What is required: Leave the pictures in the listing below aside and reproduce exactly the lines starting with the one with "65 Crestwood Road Asheville, NC 28804" and going on through the one with "Used 2016 Porsche 911 Turbo S image 51", both ends included.

Material for this task:

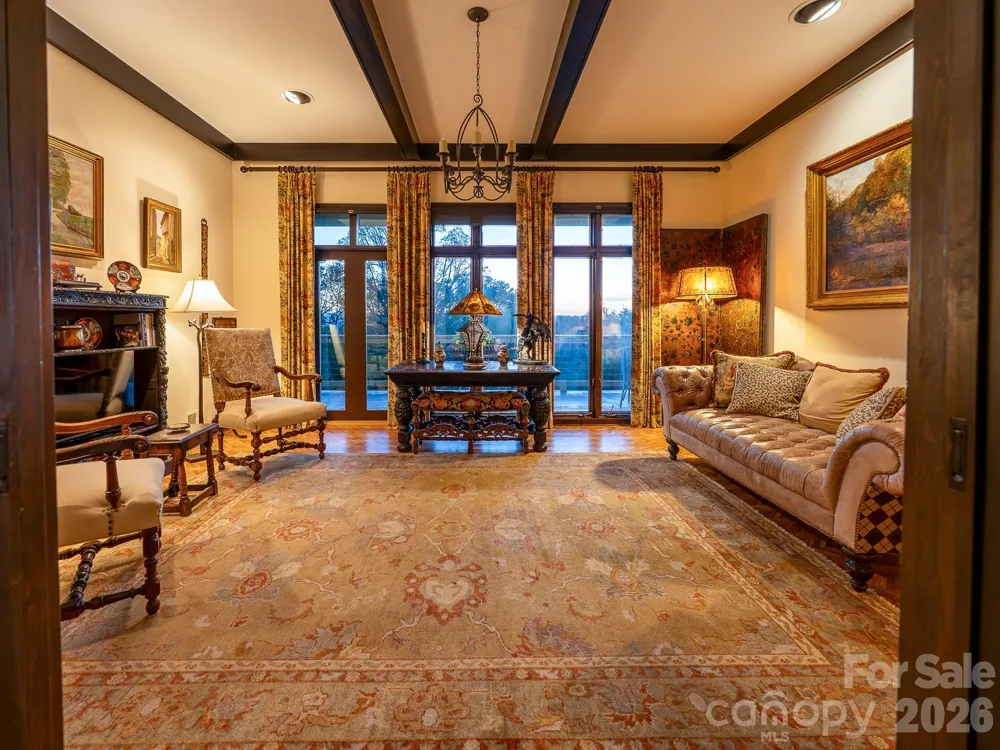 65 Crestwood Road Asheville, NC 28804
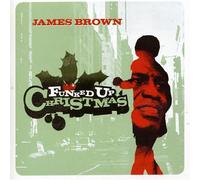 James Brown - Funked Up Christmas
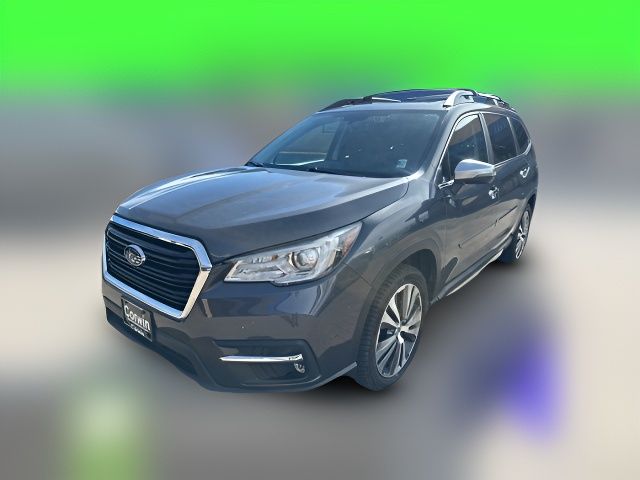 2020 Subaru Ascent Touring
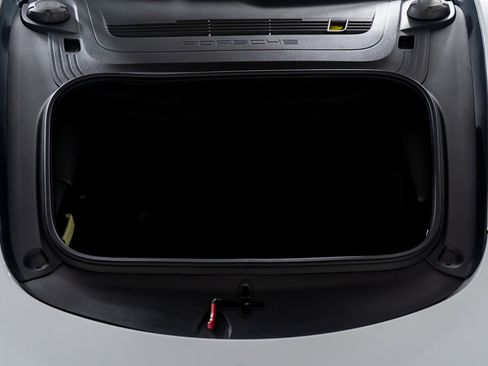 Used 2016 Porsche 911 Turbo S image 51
---
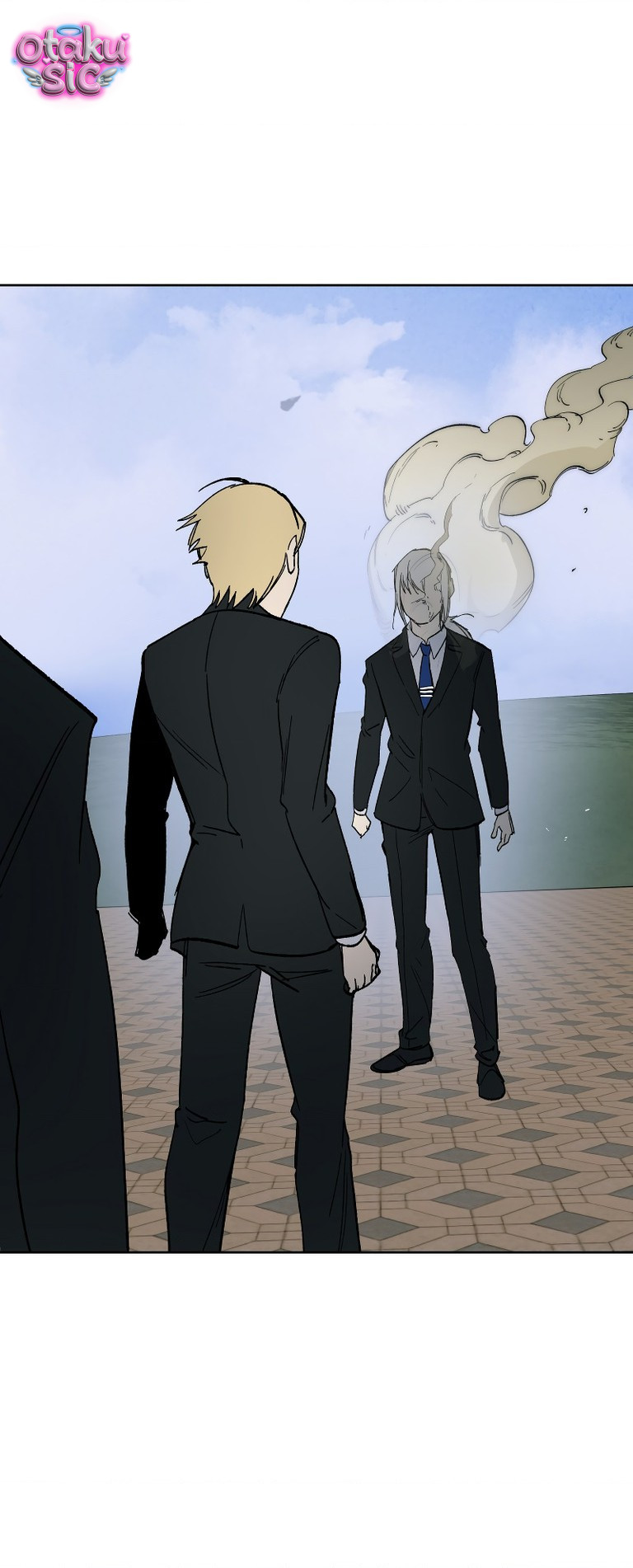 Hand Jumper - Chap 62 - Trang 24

Your response:
 65 Crestwood Road Asheville, NC 28804
 James Brown - Funked Up Christmas
 2020 Subaru Ascent Touring
 Used 2016 Porsche 911 Turbo S image 51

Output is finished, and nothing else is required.